— What is needed —
Exactly as they appear, retype the lines from the one containing "a living room" through the final line of the data below. Leave pictures out.

— Short text fragments from websites —
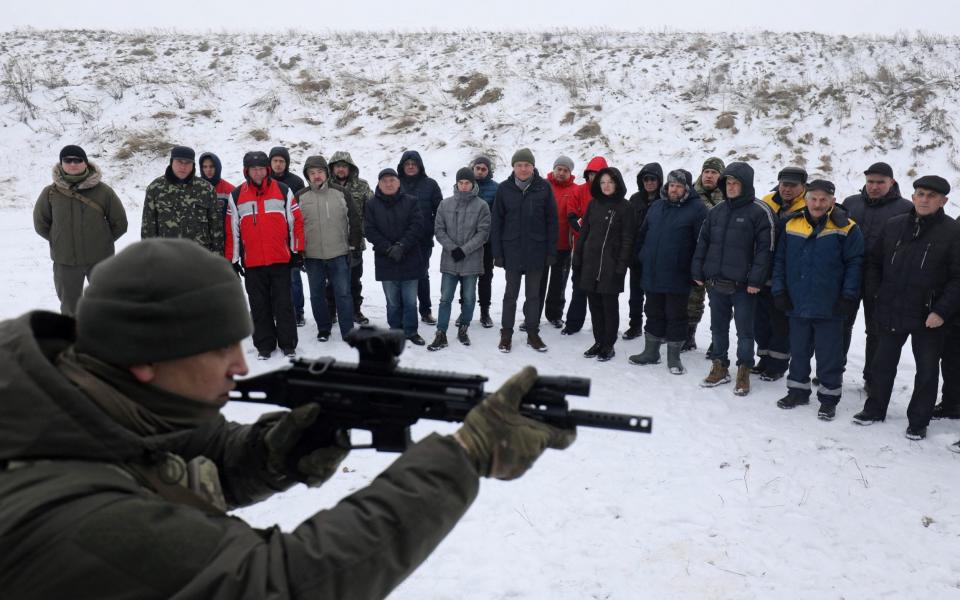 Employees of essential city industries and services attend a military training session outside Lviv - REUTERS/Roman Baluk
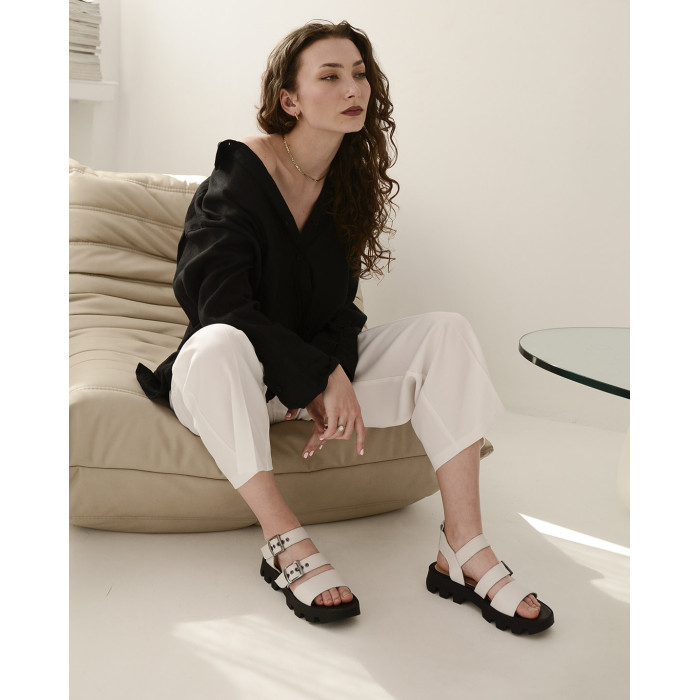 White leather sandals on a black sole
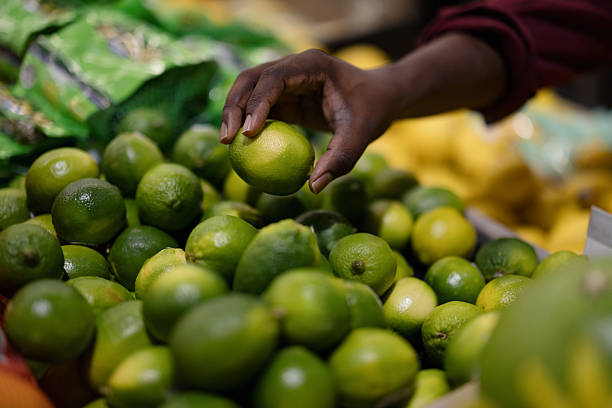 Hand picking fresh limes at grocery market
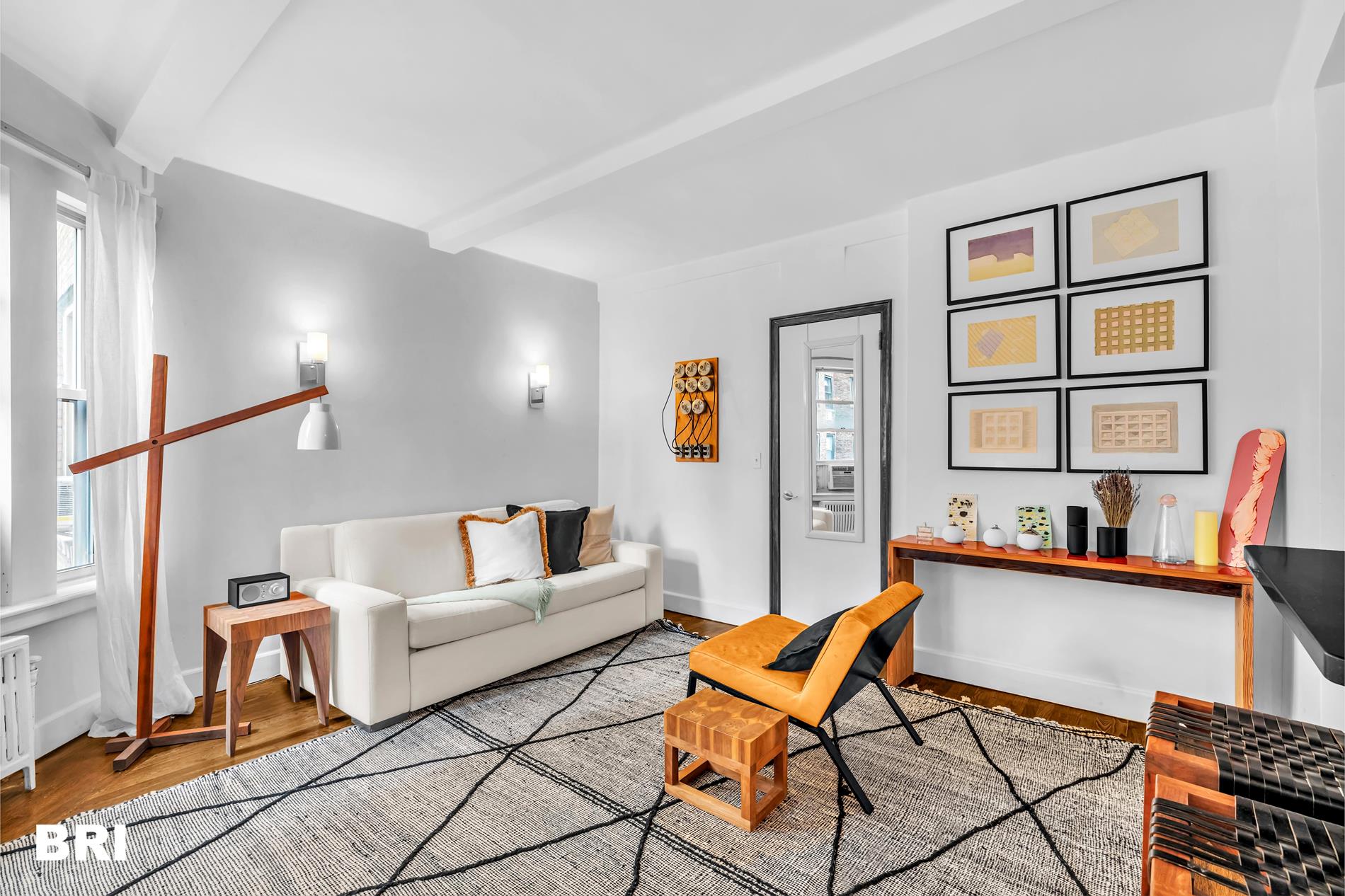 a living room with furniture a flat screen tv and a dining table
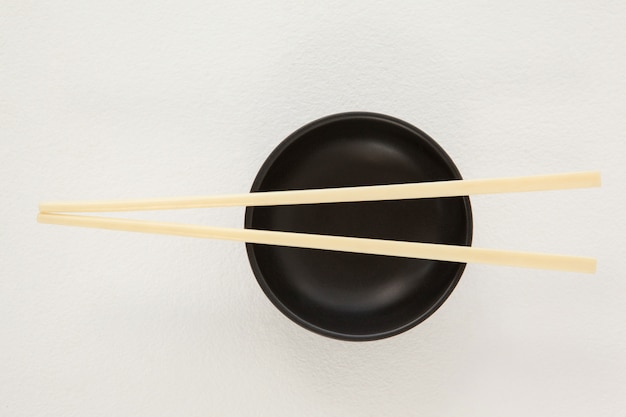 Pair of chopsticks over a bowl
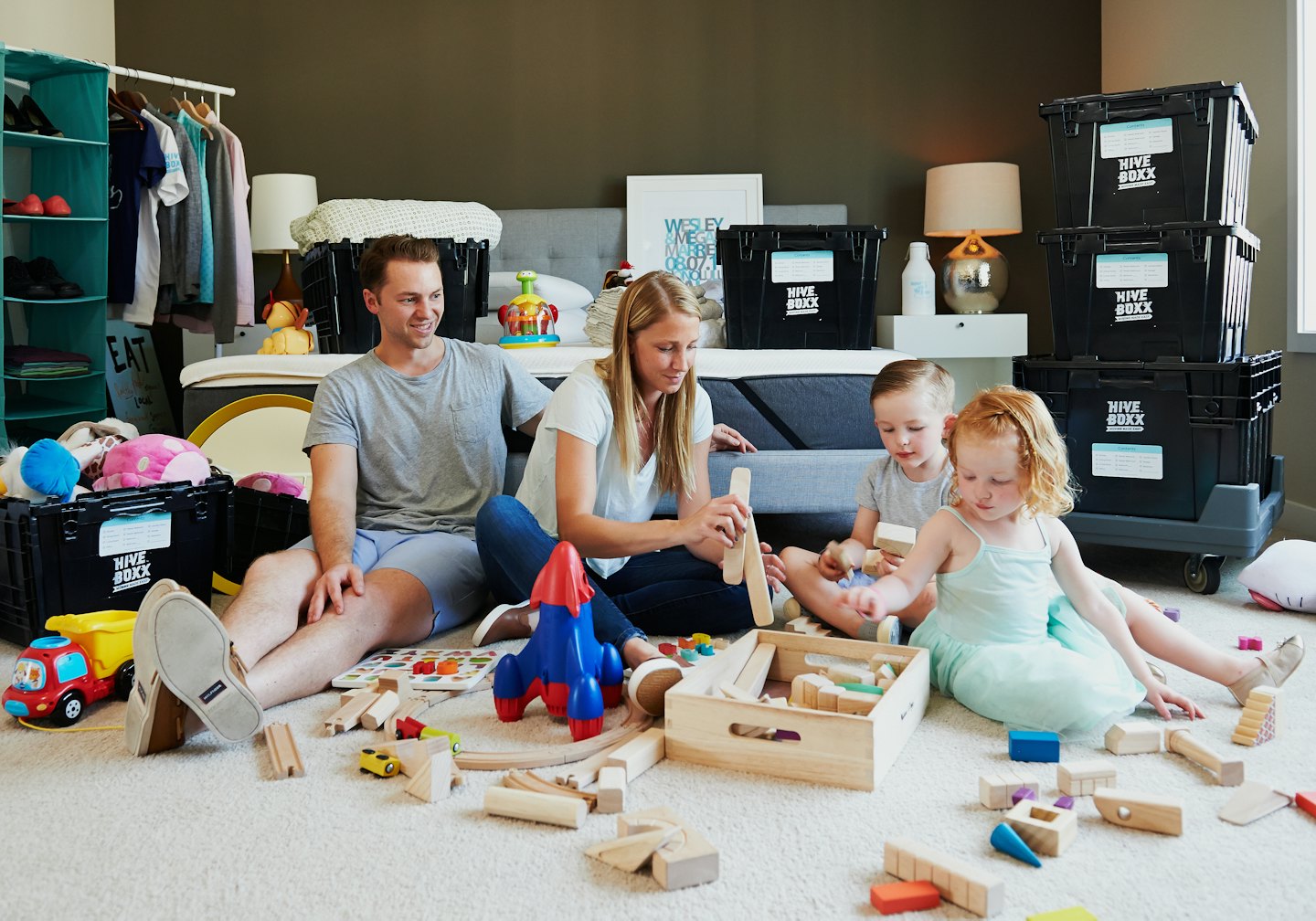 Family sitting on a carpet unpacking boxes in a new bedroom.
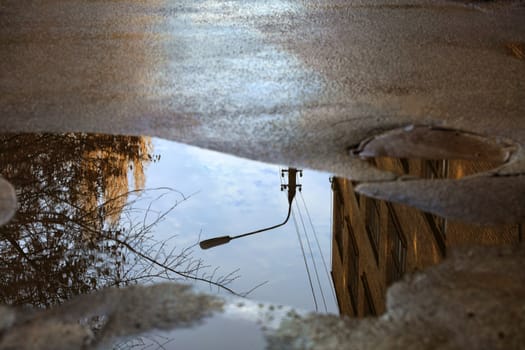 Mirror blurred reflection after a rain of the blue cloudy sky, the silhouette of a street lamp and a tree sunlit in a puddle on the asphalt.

— Written solution —
 a living room with furniture a flat screen tv and a dining table
 Pair of chopsticks over a bowl
 Family sitting on a carpet unpacking boxes in a new bedroom.
 Mirror blurred reflection after a rain of the blue cloudy sky, the silhouette of a street lamp and a tree sunlit in a puddle on the asphalt.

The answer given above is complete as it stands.